[Records excerpted from a collection]
-.-.-

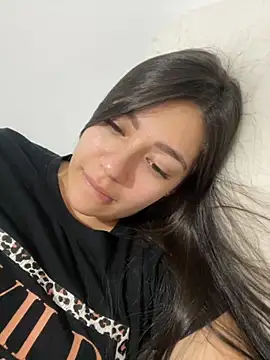 Snapshot of Latina_vanessa chatting on October 30, 4:26 am Latina vanessa online show from October 30, 4:26 am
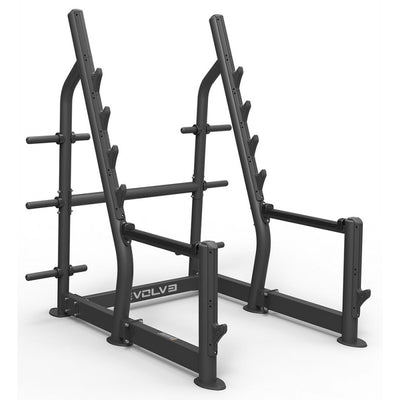 Kniebeugenständer - Evolve Fitness Prime Series PR-207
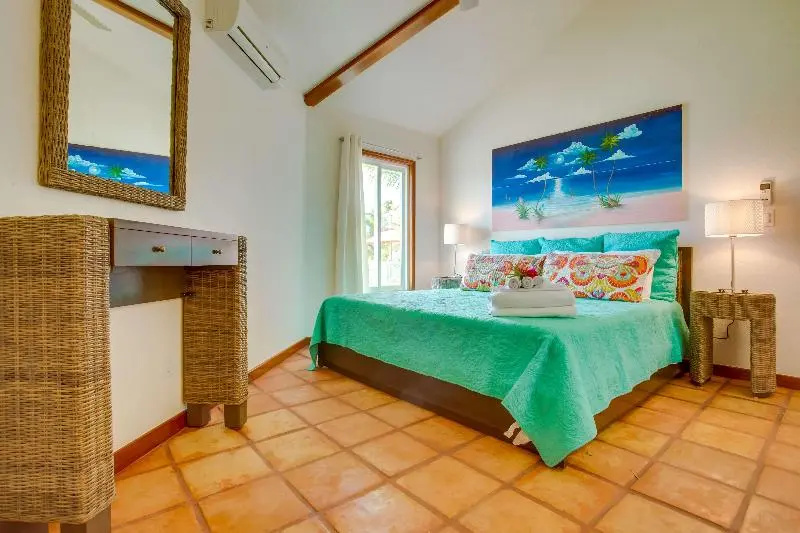 Costa Blu Adults Only Beach Resort - Chambres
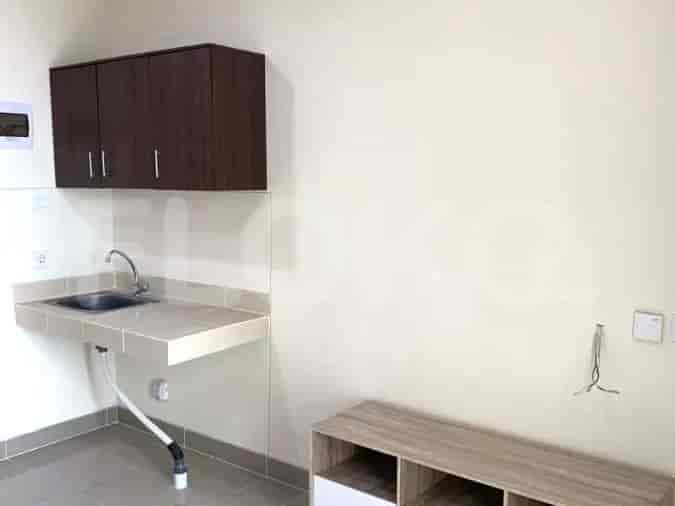 Apartemen 1-Kamar Tidur yang Menakjubkan Dijual - APAc14ae, Lantai Tinggi, B Residence BSD 2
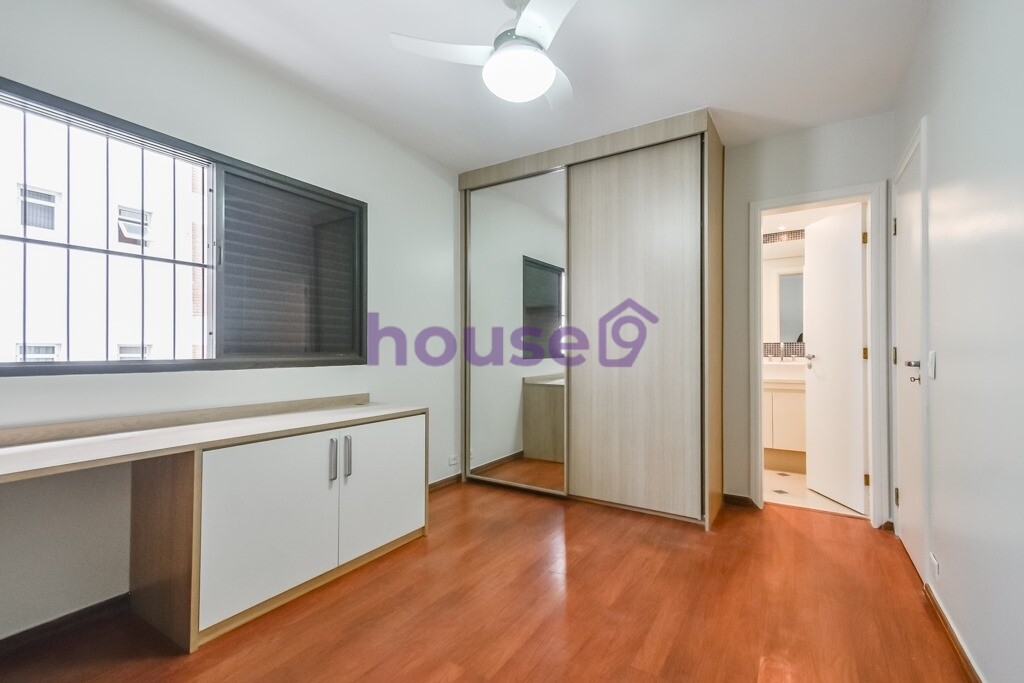 Apartamento à venda com 4 quartos, 270m² - Foto 19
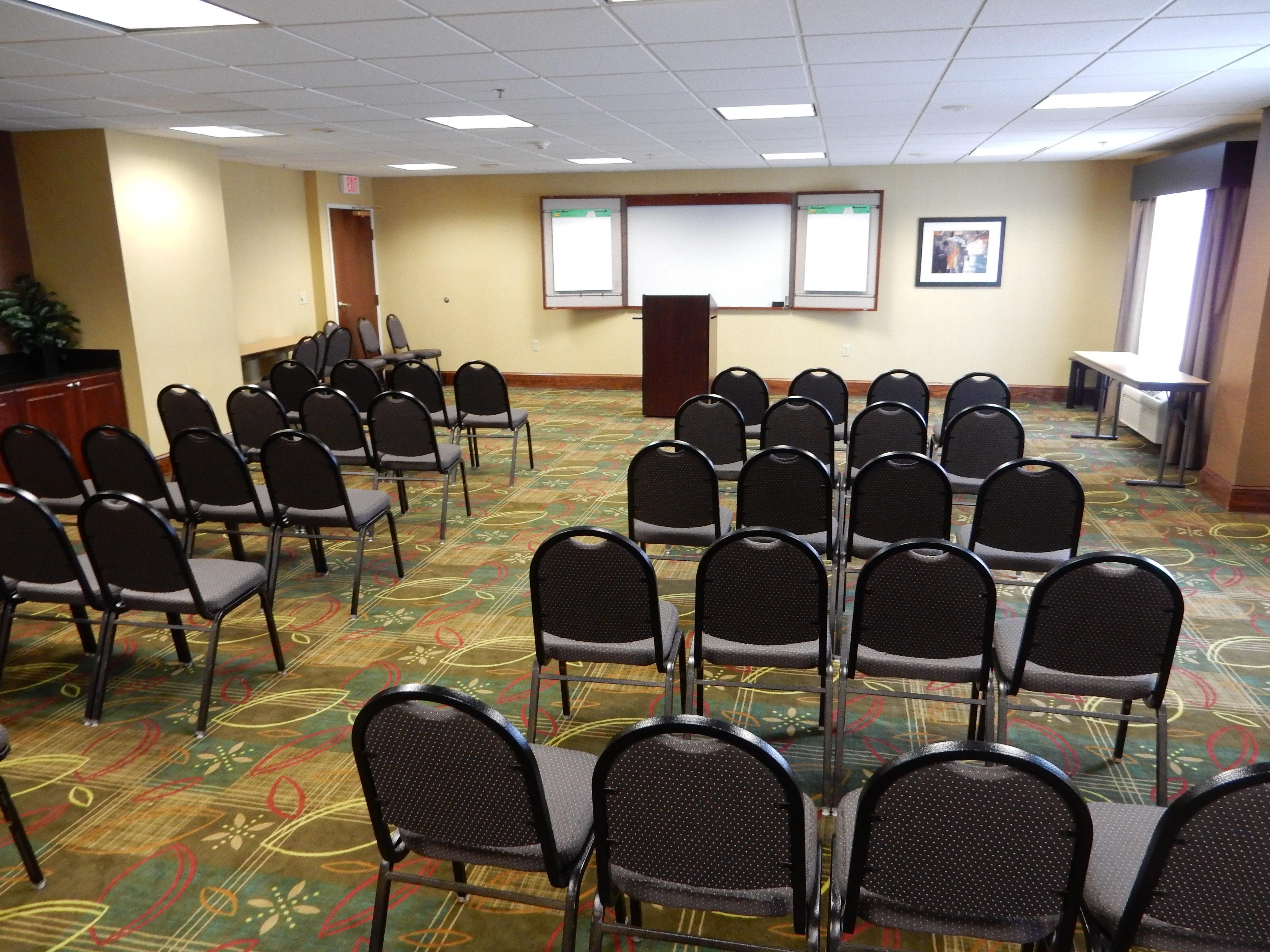Holiday Inn Express Hotel & Suites Buford-Mall Of Georgia, An Ihg Hotel Εξωτερικό φωτογραφία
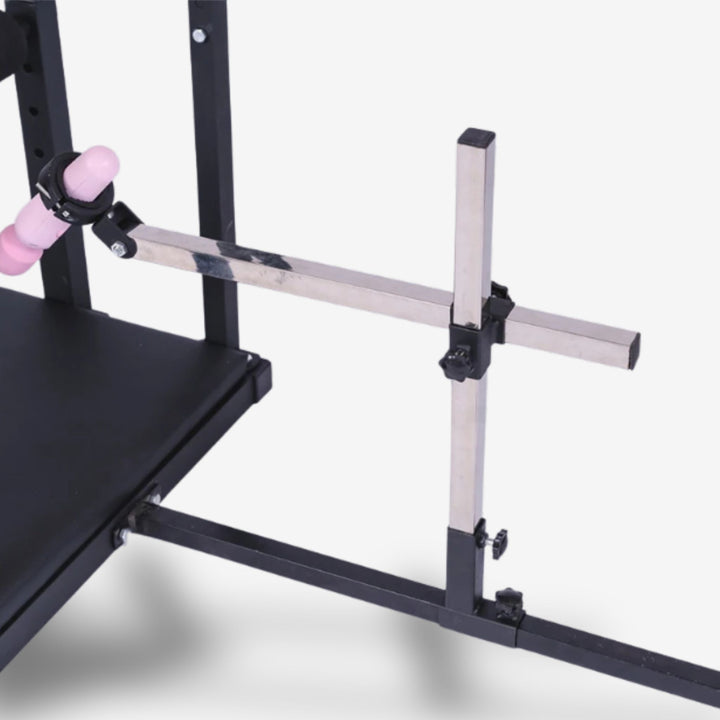 Mobilier sexuel ajustable <br> Écartement précis | Postures prolongées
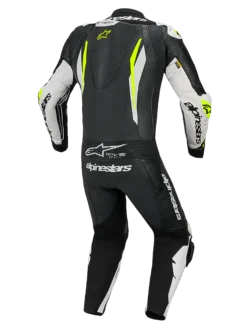 Combinaison En Cuir GP Tech V5 1 Pièce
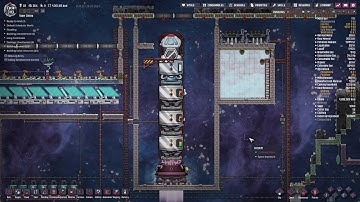Oxygen Not Included - Verdante temporal tear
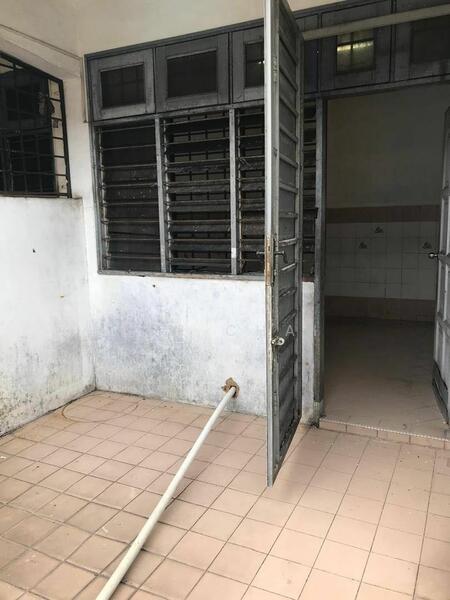 Untuk Dijual - Taman Desa Cemerlang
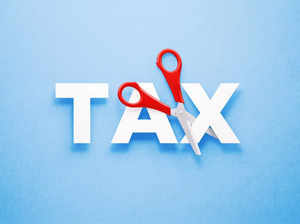Save higher income tax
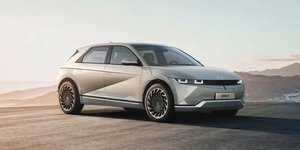 Hyundai Ioniq 5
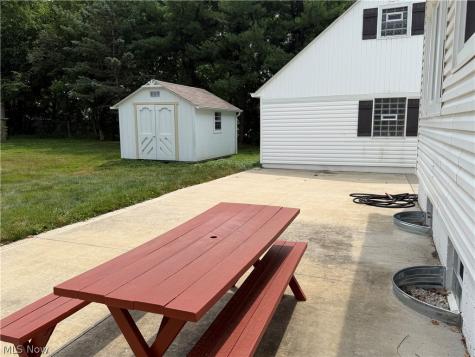 1463 Columbia Road Valley City OH 44280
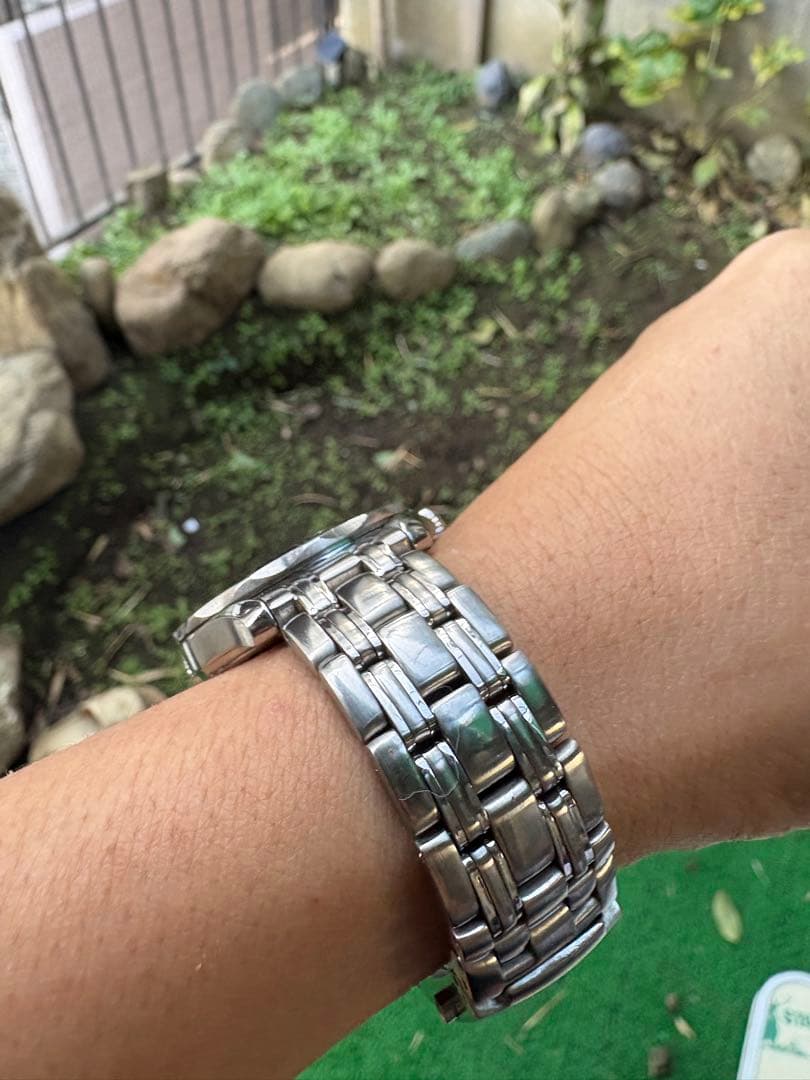 ミ*ト様 Omega Seamaster Professional 300m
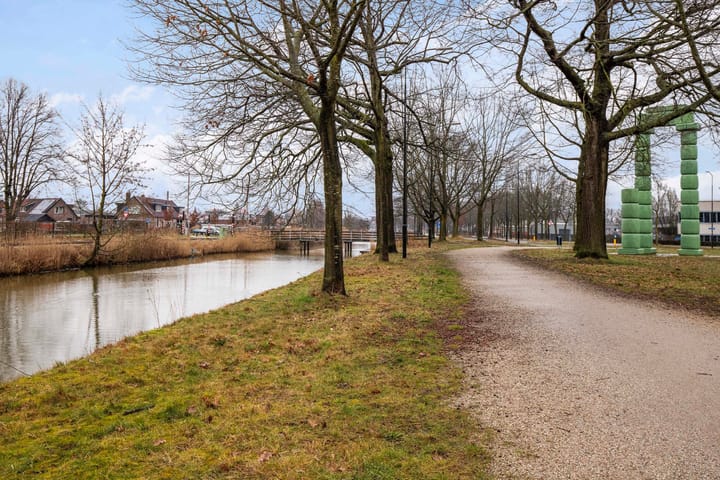 Foto 32 van Heelmeestersdreef 316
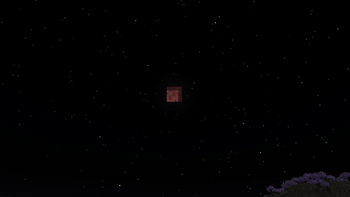 Minecraft Mod : Astrocraft 15
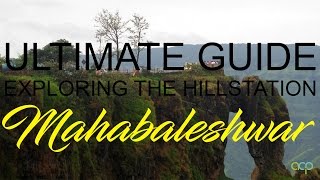 Ultimate guide | Exploring Mahabaleshwar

-.-.-

> **Requirement**
Copy the data above word for word. Pictures stay out.

> **Solution to this task**
 Snapshot of Latina_vanessa chatting on October 30, 4:26 am Latina vanessa online show from October 30, 4:26 am
 Kniebeugenständer - Evolve Fitness Prime Series PR-207
 Costa Blu Adults Only Beach Resort - Chambres
 Apartemen 1-Kamar Tidur yang Menakjubkan Dijual - APAc14ae, Lantai Tinggi, B Residence BSD 2
 Apartamento à venda com 4 quartos, 270m² - Foto 19
Holiday Inn Express Hotel & Suites Buford-Mall Of Georgia, An Ihg Hotel Εξωτερικό φωτογραφία
 Mobilier sexuel ajustable <br> Écartement précis | Postures prolongées
 Combinaison En Cuir GP Tech V5 1 Pièce
Oxygen Not Included - Verdante temporal tear
 Untuk Dijual - Taman Desa Cemerlang
Save higher income tax
 Hyundai Ioniq 5
 1463 Columbia Road Valley City OH 44280
 ミ*ト様 Omega Seamaster Professional 300m
 Foto 32 van Heelmeestersdreef 316
 Minecraft Mod : Astrocraft 15
 Ultimate guide | Exploring Mahabaleshwar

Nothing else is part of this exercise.